_Short text fragments from websites:_
========================

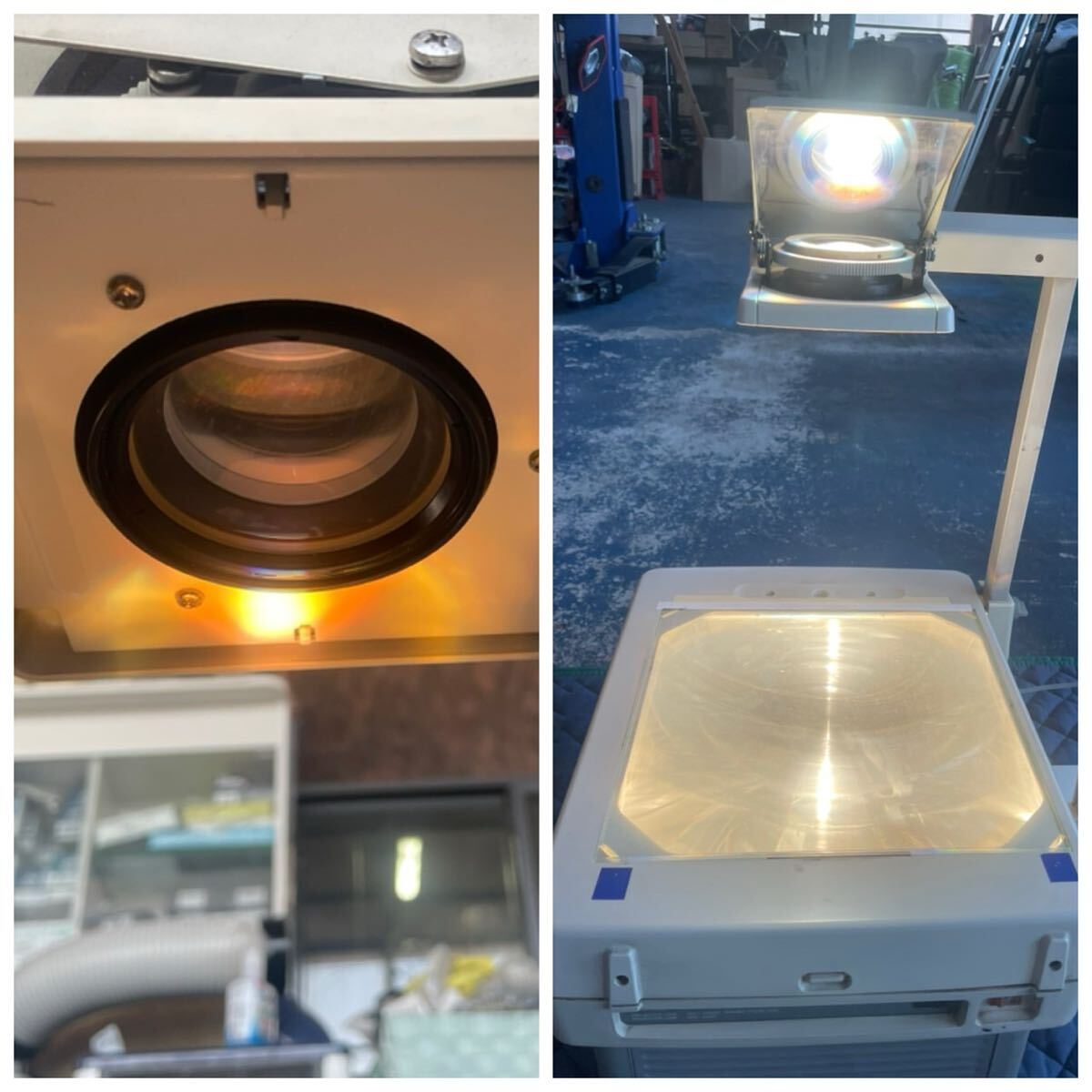 ELMO / オーバーヘッドプロジェクター / モデル HP-A305 / 中古品 簡単動作確認済み _画像8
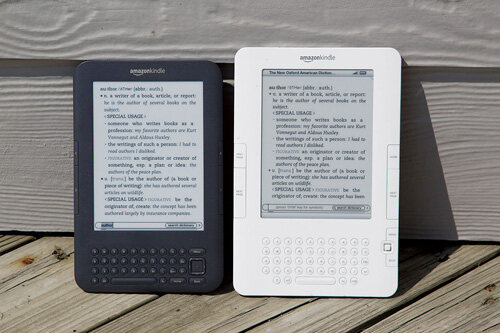 Amazon Kindle 3和 Kindle 3的外观对比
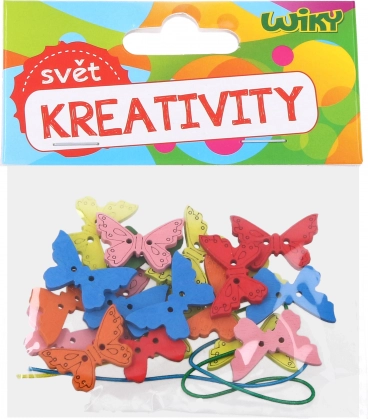 Kreativni set Drveni Leptiri s Uzicom
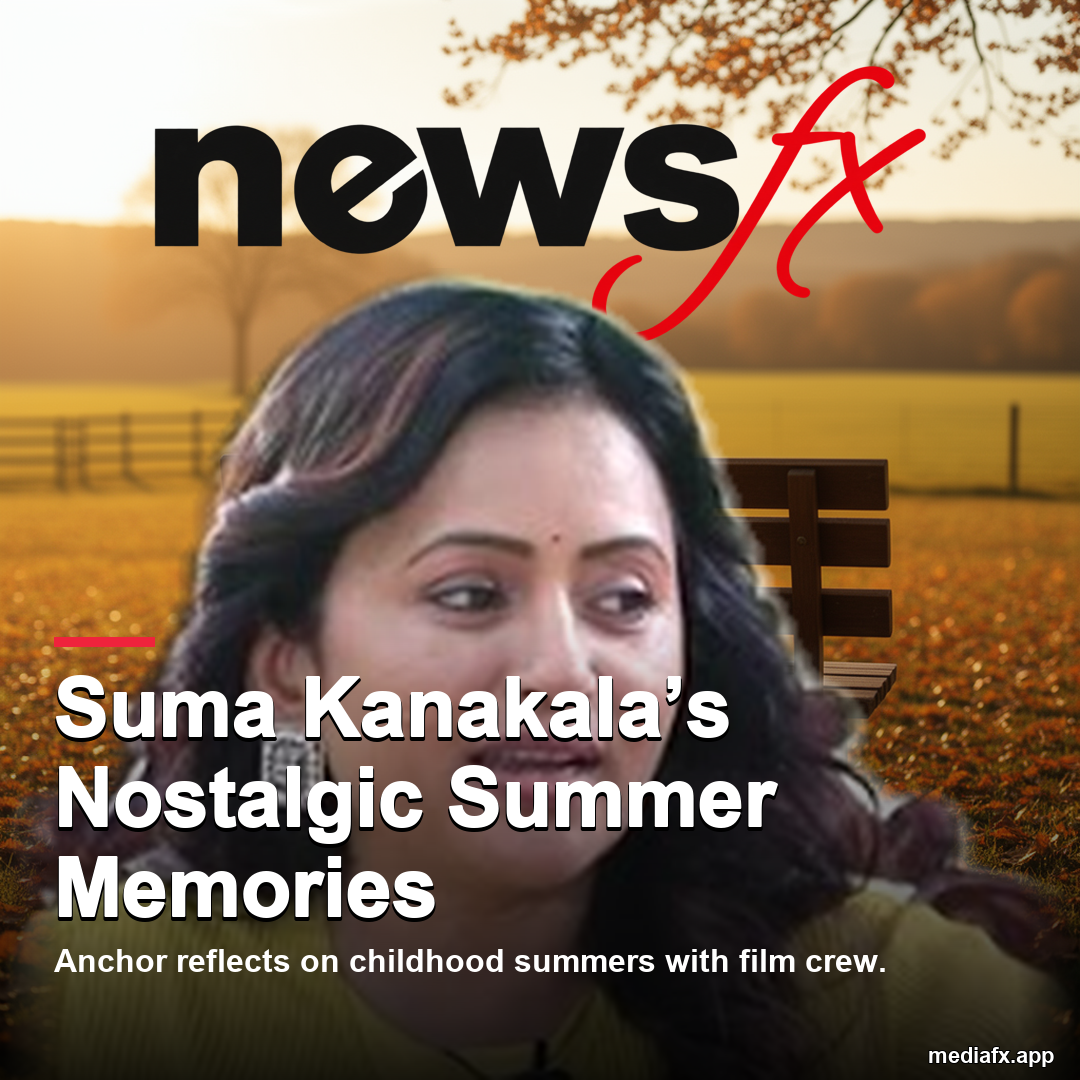 Suma Kanakala Reflects on 25 Years in Telugu Media
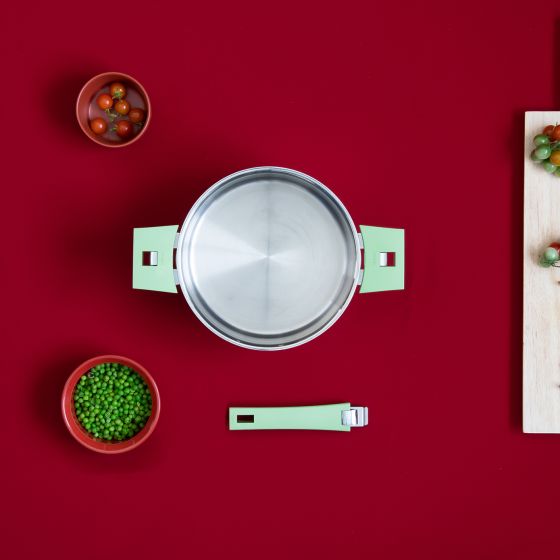 Guide casserole poignées amovible Cristel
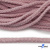 Шнур плетеный d-6 мм круглый, 70% хлопок 30% полиэстер, уп.90+/-1 м, цв.1087-розовый - купить в Коврове. Цена: 588 руб.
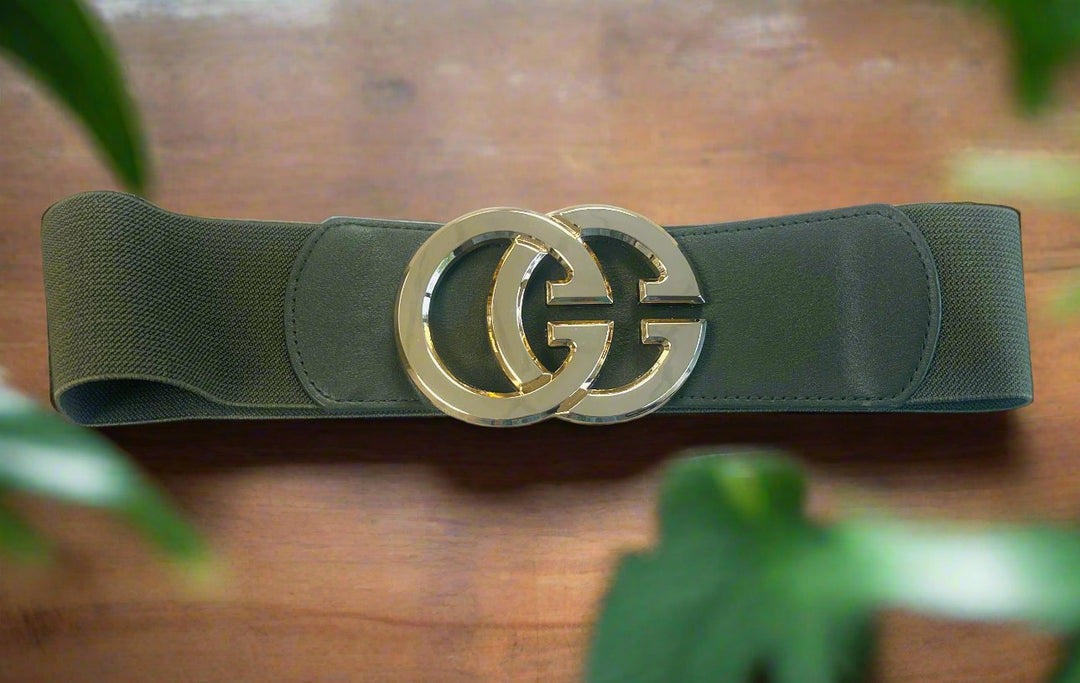 Monogram G Belt Khaki and Gold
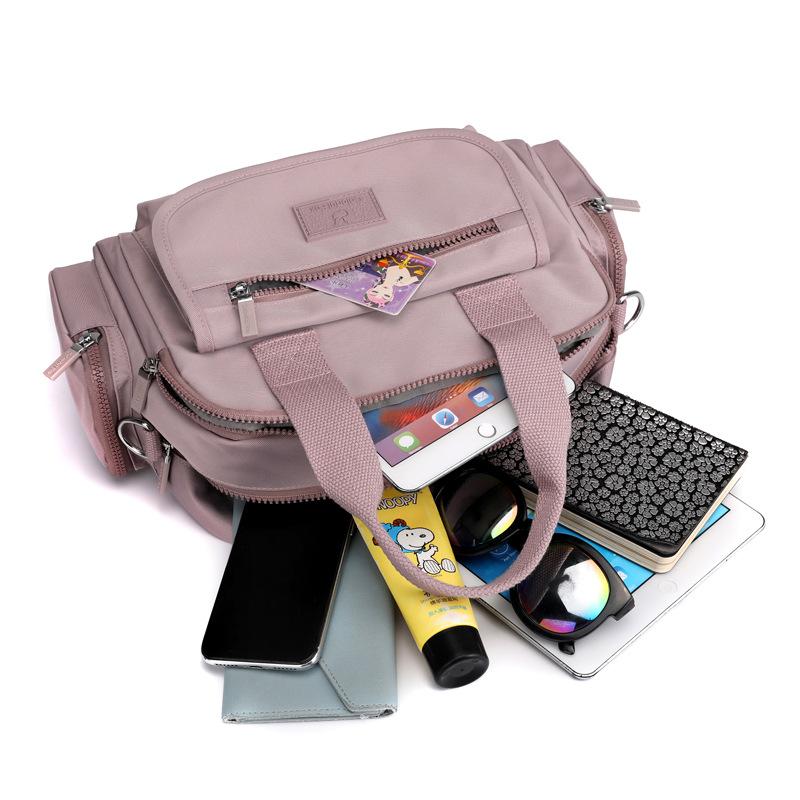 New Women's Fashion Trend Shoulder Bag Large Capacity Anti-splash Nylon Backpack Multi-layer Commuter Messenger Bag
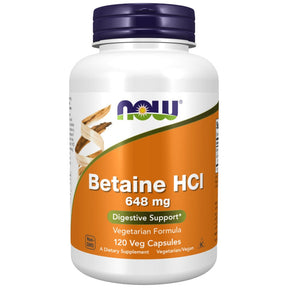 Betaine HCl 648 mg - 120 capsules - Nutra Best Europe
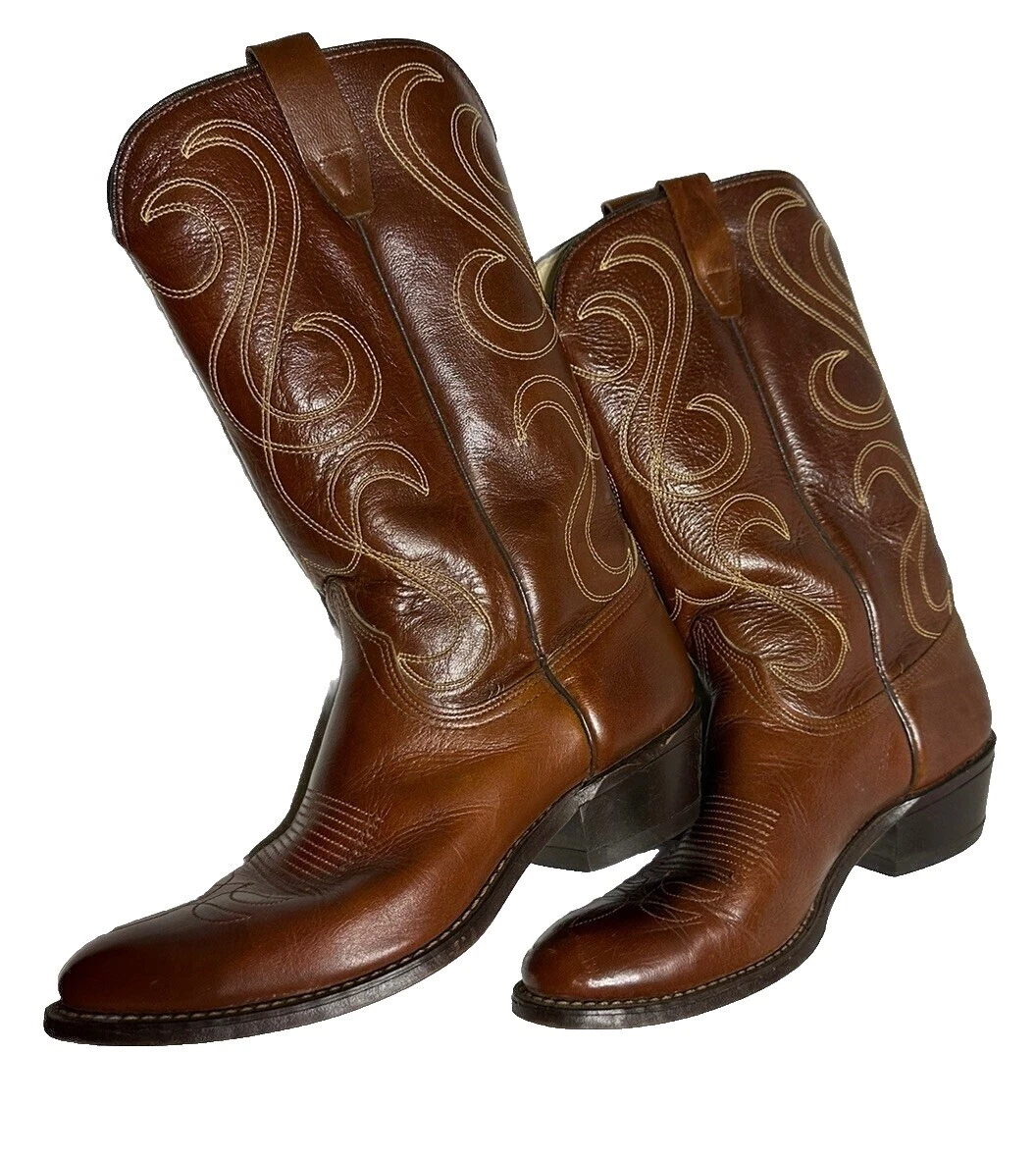 Botas occidentales para hombre Wrangler con parte superior de cuero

========================

Give back the entries verbatim but drop every picture.

_Response to the exercise:_
 ELMO / オーバーヘッドプロジェクター / モデル HP-A305 / 中古品 簡単動作確認済み _画像8
 Amazon Kindle 3和 Kindle 3的外观对比
 Kreativni set Drveni Leptiri s Uzicom
 Suma Kanakala Reflects on 25 Years in Telugu Media
 Guide casserole poignées amovible Cristel
 Шнур плетеный d-6 мм круглый, 70% хлопок 30% полиэстер, уп.90+/-1 м, цв.1087-розовый - купить в Коврове. Цена: 588 руб.
 Monogram G Belt Khaki and Gold
 New Women's Fashion Trend Shoulder Bag Large Capacity Anti-splash Nylon Backpack Multi-layer Commuter Messenger Bag
 Betaine HCl 648 mg - 120 capsules - Nutra Best Europe
 Botas occidentales para hombre Wrangler con parte superior de cuero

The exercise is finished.